Tüm vatandaşlarımıza eşit, parasız, nitelikli eğitimi sağlamak kamunun birincil görevidir. Bu nedenle kamu hizmeti olan eğitimin niteliğinin yükseltilerek evrensel standartları ulaştırılması gerekir. Devlet okullarının nitelikli ve niteliksiz okullar olarak sınıflandırılması Anayasa’nın eşitlik ilkesine aykırıdır. Bu bağlamda tüm yurttaşlar için eşit ve demokratik bir eğitim sisteminin kurulmasını acilen gündeme alınmasını sağlayacağız. Eğitim faaliyetlerinin sağlıklı bir şekilde yürütülmesini sağlayacak hizmetleri (öğrencilerin beslenmesi, barınması, taşınması, eğitim-öğretim materyallerinin sağlanması, okulların fiziki ihtiyaçları vb.) kamu kaynakları kullanarak kamu eliyle yürütülmesi yolunda çaba göstereceğiz..

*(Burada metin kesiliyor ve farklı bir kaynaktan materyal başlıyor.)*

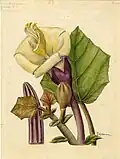 Painting by Frances W. Horne from the Flora Borinqueña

Eğitim hakkından yararlanmanın önündeki en büyük engellerden biri olan ve kamuoyunda 4+4+4 şeklinde anılan kesintili eğitim düzenlemesinden acilen vazgeçilmesi, kesintisiz ve zorunlu temel eğitimi uygulamasına geri dönülmesi gerekmektedir. Zorunlu temel eğitim herkes için ortak bir müfredata dayalı olmalıdır. Ortaokul ve lise çağ nüfusu öğrencilerinin açık öğretime geçişi yasal olarak ortadan kaldırılmalı, çağ nüfusu öğrencilerinin tamamı örgün eğitim sistemi tarafından kapsanmalıdır. CHP olarak bu konuda üzerimize düşün tüm sorumlulukları yerine getireceğiz.

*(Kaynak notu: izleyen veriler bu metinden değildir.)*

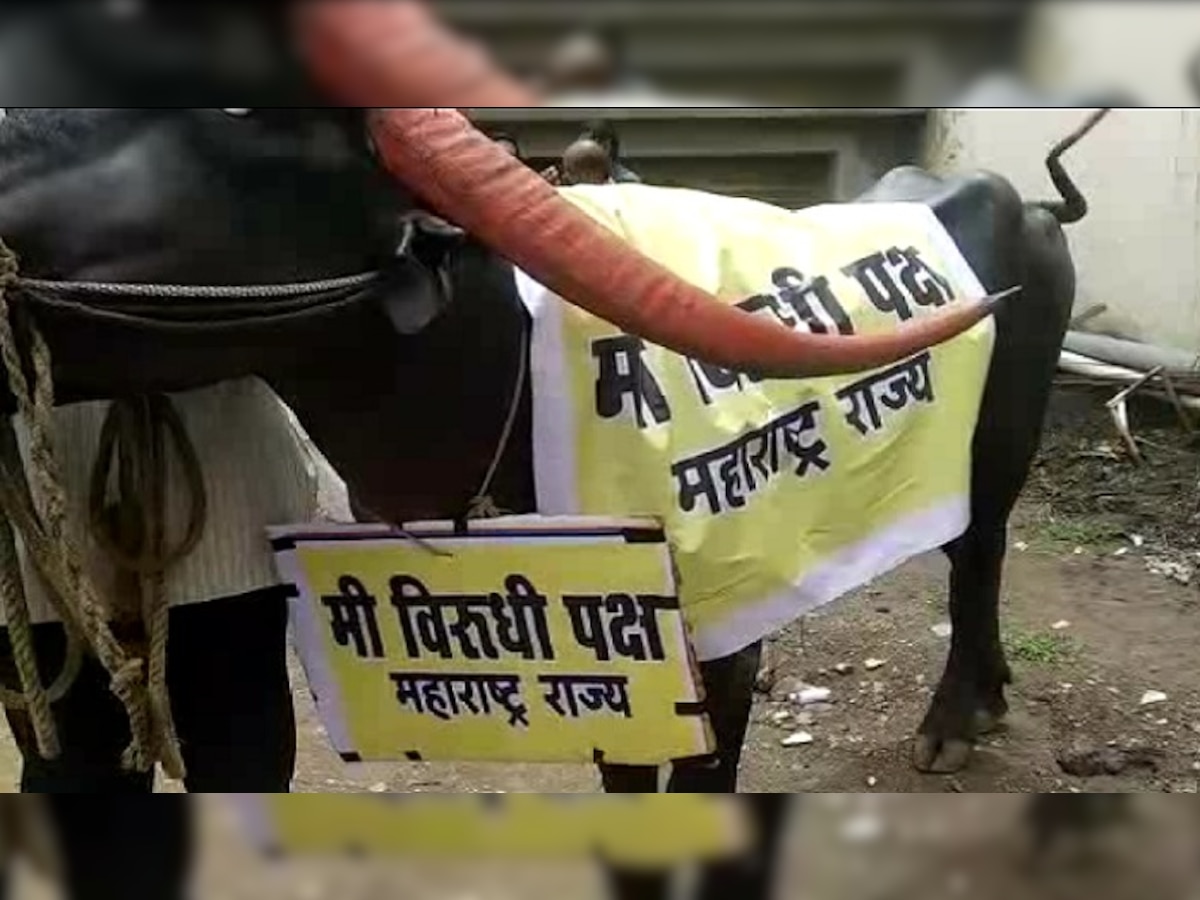 दुष्काळग्रस्त मराठवाड्याच्या मागणीसाठी हालगट मोर्चा title=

Eğitim hakkının güvence altına alınabilmesi için özel gereksinimli çocuklar ve geçici koruma altında bulunan çocuklara yönelik destek politikalarına aileleri de içeren bir biçimde rehberlik ve danışma hizmetlerinin güçlendirilerek etkin bir izleme sistemi kurulmalıdır. Çocuk işçiliğinin önlenmesi ve mevsimlik tarım işçilerinin çocukları için onların ihtiyaçlarına uyarlanmış ve onlara özgü yeni okul modellerine ihtiyaç bulunmaktadır. Bu türden dezavantajlı toplum kesimlerinin eğitim gereksinimlerine öncelik vereceğiz. Okul yaşında olan Suriyeli çocuk ve gençlerin eğitim sorununun çözümüne yönelik ciddi adımlar atılmalıdır.

Okul öncesi eğitim kurumlarının yaygınlaştırılarak ve bilimsel temellere dayalı olarak yapılandırılarak tüm çocuklarımızın yararlanmasının sağlanması öncelikli bir konudur. Bu konuda yerel yönetimlerimiz eliyle ivedi ve kapsamlı girişimlerde bulunacağız.

Anadilin öğrenimi hakkından tüm yurttaşlarımızın yararlanabilmesi için gerekli yasal ve kurumsal altyapının oluşturulması için çaba göstereceğiz.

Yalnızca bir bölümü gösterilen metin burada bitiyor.